- **WORK ITEM**
Span requested from the data below: the line with "Hey Prism Admins, welcome" through the line with "Next, we need", both included. Give only these lines again, exactly, and leave every picture out.

- **SUPPLIED MATERIAL**
====
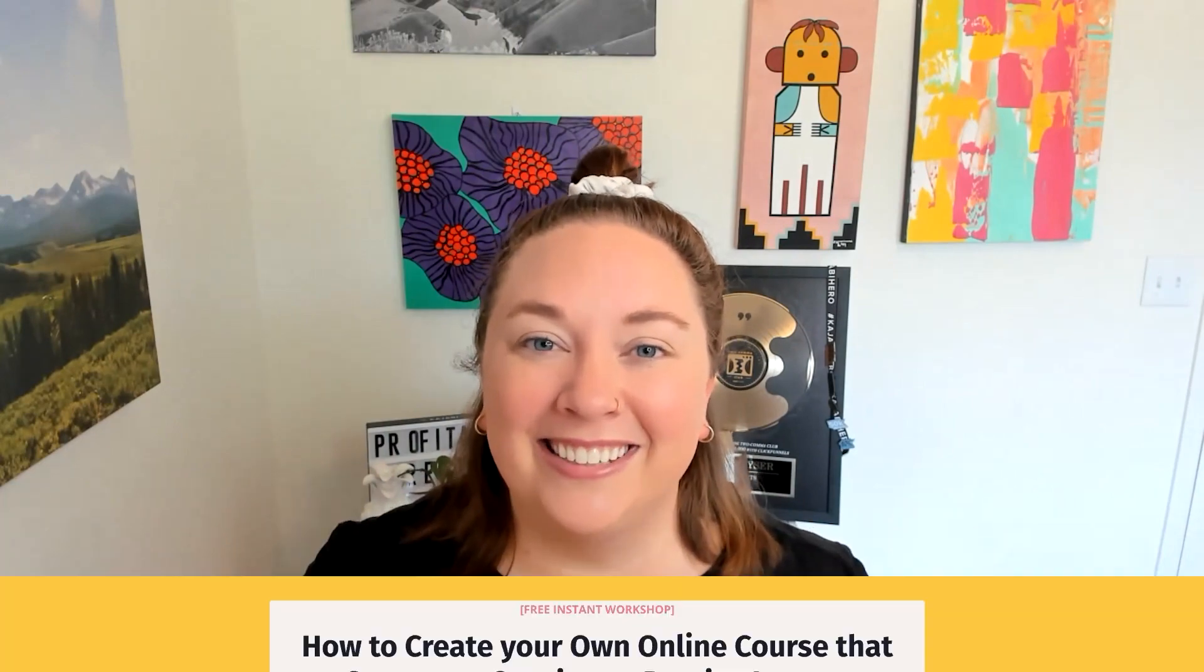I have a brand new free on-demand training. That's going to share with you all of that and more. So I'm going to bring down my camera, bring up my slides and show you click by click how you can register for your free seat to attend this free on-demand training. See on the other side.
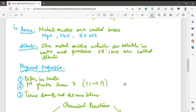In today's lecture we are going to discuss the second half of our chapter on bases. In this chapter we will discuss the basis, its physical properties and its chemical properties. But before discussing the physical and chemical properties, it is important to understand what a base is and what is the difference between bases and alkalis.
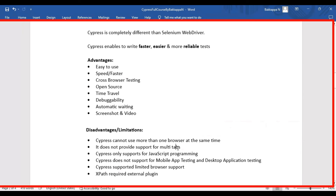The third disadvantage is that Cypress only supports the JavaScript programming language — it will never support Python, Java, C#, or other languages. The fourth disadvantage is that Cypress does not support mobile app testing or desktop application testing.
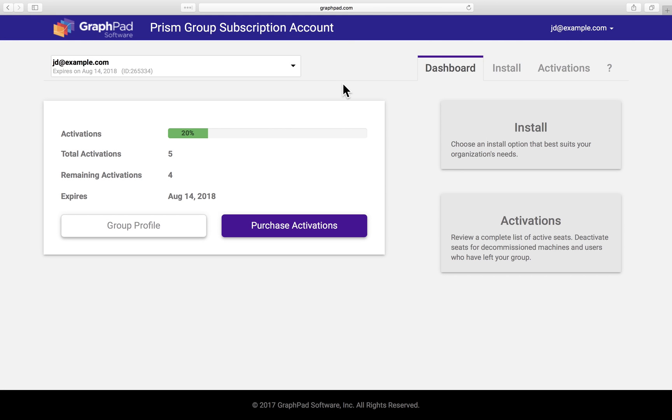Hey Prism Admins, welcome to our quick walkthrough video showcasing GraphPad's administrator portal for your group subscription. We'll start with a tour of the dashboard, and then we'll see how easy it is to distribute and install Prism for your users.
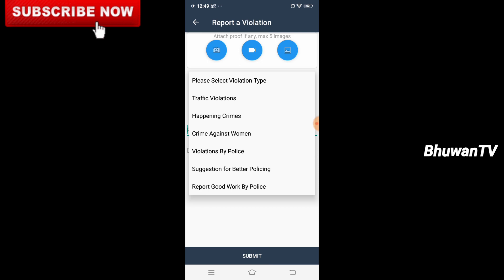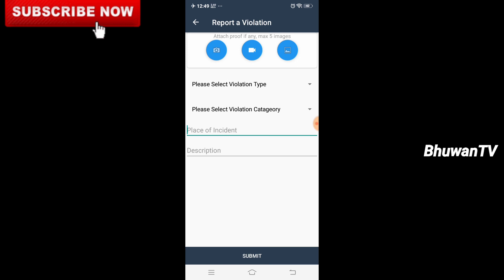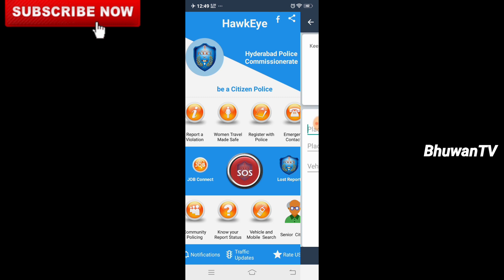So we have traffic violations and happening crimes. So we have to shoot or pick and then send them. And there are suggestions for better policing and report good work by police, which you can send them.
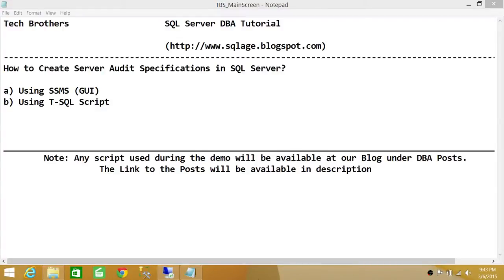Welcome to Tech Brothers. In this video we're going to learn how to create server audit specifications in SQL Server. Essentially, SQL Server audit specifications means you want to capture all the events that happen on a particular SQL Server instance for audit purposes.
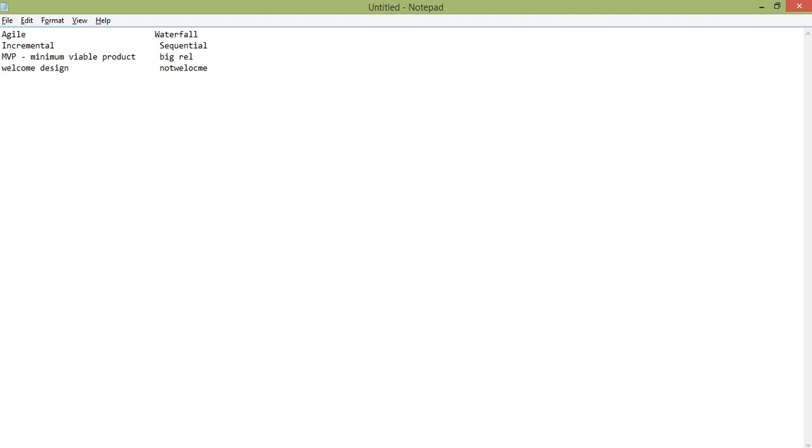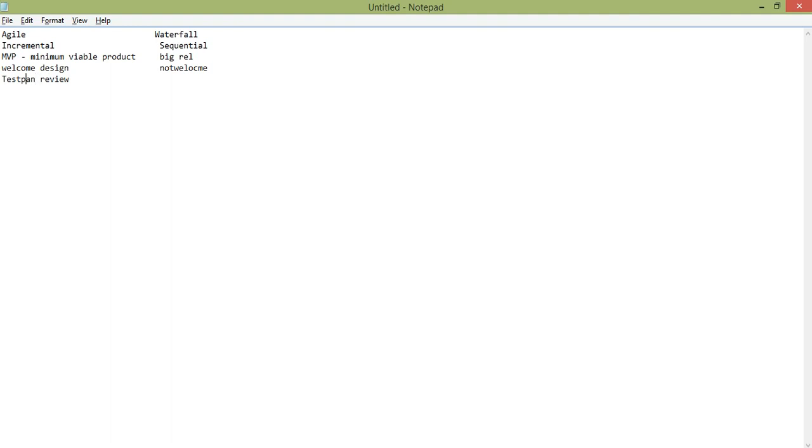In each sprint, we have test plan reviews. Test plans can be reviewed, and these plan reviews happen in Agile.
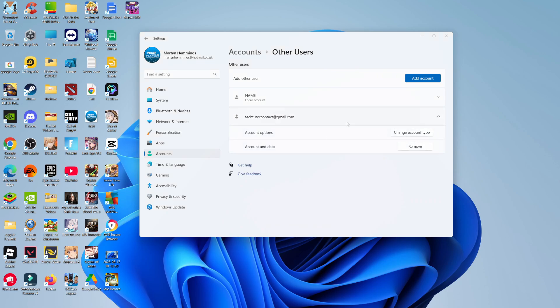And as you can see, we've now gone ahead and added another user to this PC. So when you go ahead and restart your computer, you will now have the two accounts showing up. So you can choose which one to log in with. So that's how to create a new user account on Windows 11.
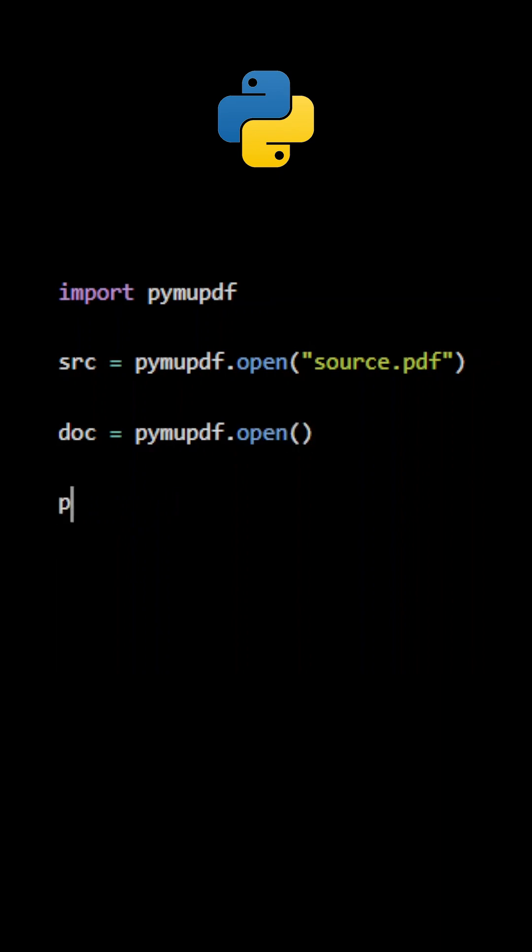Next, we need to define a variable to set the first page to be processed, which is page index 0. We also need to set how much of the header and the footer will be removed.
====
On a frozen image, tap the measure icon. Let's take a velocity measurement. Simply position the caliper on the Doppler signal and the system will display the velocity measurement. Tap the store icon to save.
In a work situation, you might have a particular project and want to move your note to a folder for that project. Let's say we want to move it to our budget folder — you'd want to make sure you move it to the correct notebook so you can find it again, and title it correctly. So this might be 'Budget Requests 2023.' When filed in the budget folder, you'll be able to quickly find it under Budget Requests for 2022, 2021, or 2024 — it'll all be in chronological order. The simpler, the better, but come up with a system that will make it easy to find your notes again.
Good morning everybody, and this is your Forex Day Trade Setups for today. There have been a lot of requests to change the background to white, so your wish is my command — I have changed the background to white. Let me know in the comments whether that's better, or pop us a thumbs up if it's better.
====
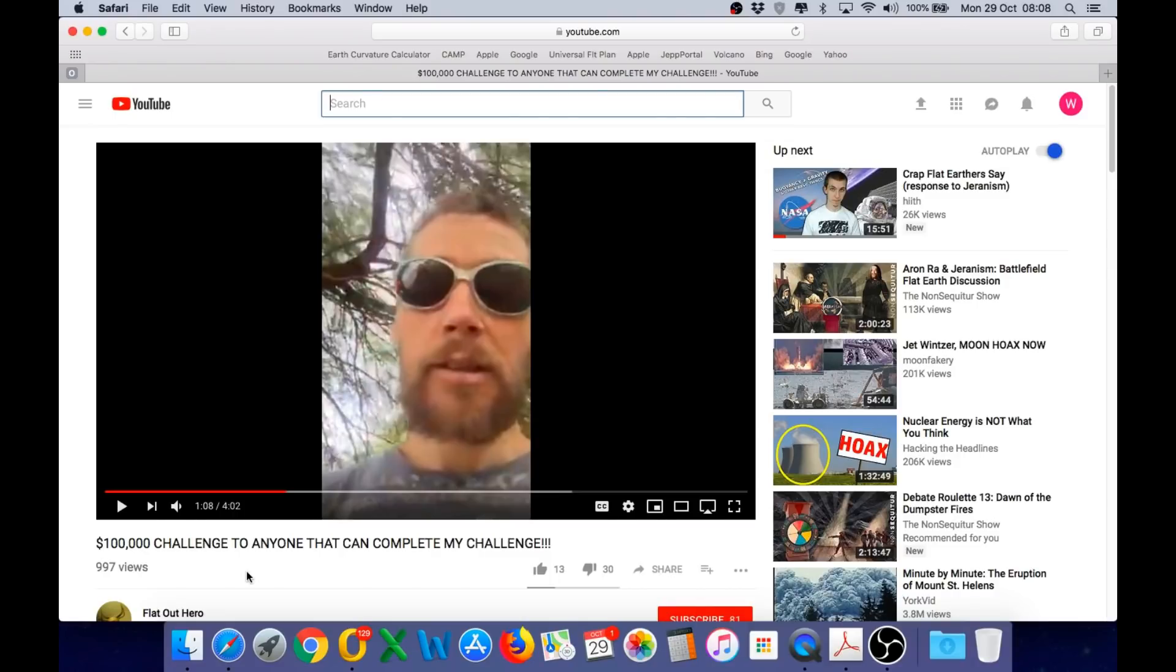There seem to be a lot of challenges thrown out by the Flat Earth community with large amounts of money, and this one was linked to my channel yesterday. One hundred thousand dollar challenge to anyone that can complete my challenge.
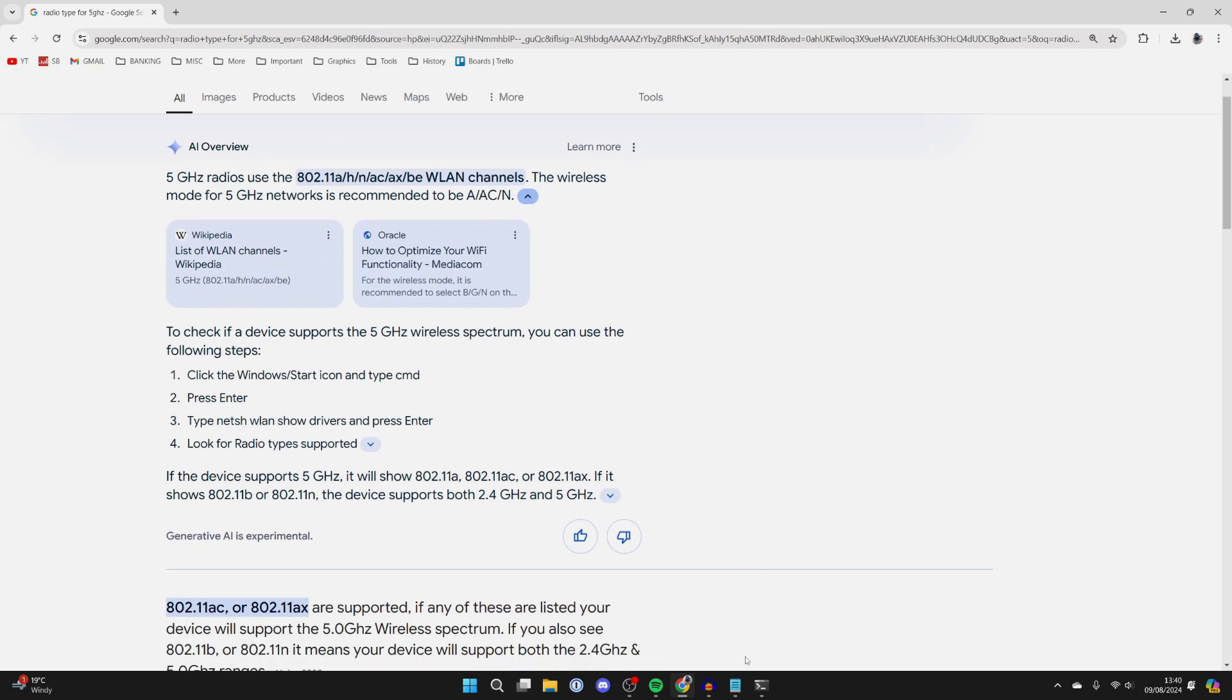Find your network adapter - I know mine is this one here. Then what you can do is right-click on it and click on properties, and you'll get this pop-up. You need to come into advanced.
====
- **ANSWER FOR THE TASK**
Hey Prism Admins, welcome to our quick walkthrough video showcasing GraphPad's administrator portal for your group subscription. We'll start with a tour of the dashboard, and then we'll see how easy it is to distribute and install Prism for your users.
So we have traffic violations and happening crimes. So we have to shoot or pick and then send them. And there are suggestions for better policing and report good work by police, which you can send them.
Welcome to Tech Brothers. In this video we're going to learn how to create server audit specifications in SQL Server. Essentially, SQL Server audit specifications means you want to capture all the events that happen on a particular SQL Server instance for audit purposes.
In each sprint, we have test plan reviews. Test plans can be reviewed, and these plan reviews happen in Agile.
And as you can see, we've now gone ahead and added another user to this PC. So when you go ahead and restart your computer, you will now have the two accounts showing up. So you can choose which one to log in with. So that's how to create a new user account on Windows 11.
Next, we need to define a variable to set the first page to be processed, which is page index 0. We also need to set how much of the header and the footer will be removed.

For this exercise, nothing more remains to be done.